Ok, so let's step through a few bits.

Initialization

Our server uses gorilla to route HTTP requests, which makes it a great target for middleware. After we do our basic initialization (see code):

beeline.Init(beeline.Config{/* config here */}}

we'll add our Beeline's gorilla middleware (see code):

r.Use(hnygorilla.Middleware)

and wrap our router in our Beeline's HTTP wrapper, which is useful for catching unhandled routes (see code):

log.Fatal(http.ListenAndServe(":8080", hnynethttp.WrapHandler(r)))

Propagating context

The Beeline relies on the request context (see godoc) on each incoming request to propagate the instrumentation event. In order to give the entire app access to the event in order to add custom fields, we pass the context throughout the application.

In functions that interact with the request itself (such as getHeaders - see code), passing the entire request is sufficient.

if err := getHeaders(r, ev); err != nil { /* ... */ }

In any function that does not need access to the request, we only pass down the context (such as validateWritekey - see code).

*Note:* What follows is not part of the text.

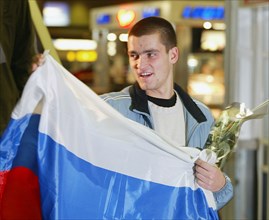 Moscow, russia, december 3 2002: russian tennis player mikhail youzhny, who scored the decisive point and brought the win of the davis cup to the russian team , pictured with a russian flag at the she...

team, err := validateWritekey(r.Context(), ev.WriteKey)

Passing the context around as the first parameter to functions is a standard way of handling extra context in Go, and you'll see it echoed in many other packages. It is important to pass it along both so that all your code can easily add fields to your instrumentation events, but also to enable propagating tracing information to downstream services. By using the context and threading it through your application, you're setting yourself up to make integrating with tracing easier in the future.

Timers

Each interesting function gets a timer added. The defer function in Go is a beautiful way of ensuring that the timer always measures the entirety of the function being measured—no matter how the function exits (via an early return, a normal return, or even a panic!) the timer will still get recorded and added to the event. Combining these timers with the presence or lack of error fields and other attributes on the event will let you understand not just how long each function took but why it took that long.

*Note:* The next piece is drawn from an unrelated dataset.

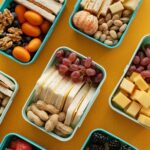 Top view of vibrant lunch boxes filled with assorted snacks on yellow background.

Here's an example of capturing the length of time necessary to unmarshal JSON (see code):

// add a timer around unmarshalling json
defer func(t timer.Timer) {
  dur := t.Finish()
  beeline.AddField(r.Context(), "timer.unmarshal_json_dur_ms", dur)
}(timer.Start())

The astute observer will notice that most of these timers are measured in milliseconds - but there are a few fields added to the event that are measured in seconds: event_time_delta_sec and meta.process_uptime_sec. This is an example of the author adding some additional understanding of the application into the instrumentation. We know that these processes are long running, so measuring process uptime in seconds (or even minutes or hours!) makes it easier to interact with the values in that field. In a similar way, most events arrive at the API server in with a delay in the range of a half second to five minutes. Assigning fields the most appropriate unit to allow the people looking at that instrumentation later on the easiest path to comprehension makes the entire experience more comfortable for all involved.

Sanitization

The userFacingErr function is used to separate the information handed back to the client of the API server (aka the customer) and the operator. In many cases it's valuable to sanitize internal errors within a server before handing them back to the client in order to keep the internal implementation of a service hidden while still providing useful language to the consumer of the application. It's very useful for the operator of the service to have access to both (the user's version for responding to customer requests and the detailed version to understand the internal problem). To ride this balance we provide multiple fields for each error - the actual error returned by the code and then some context about that error.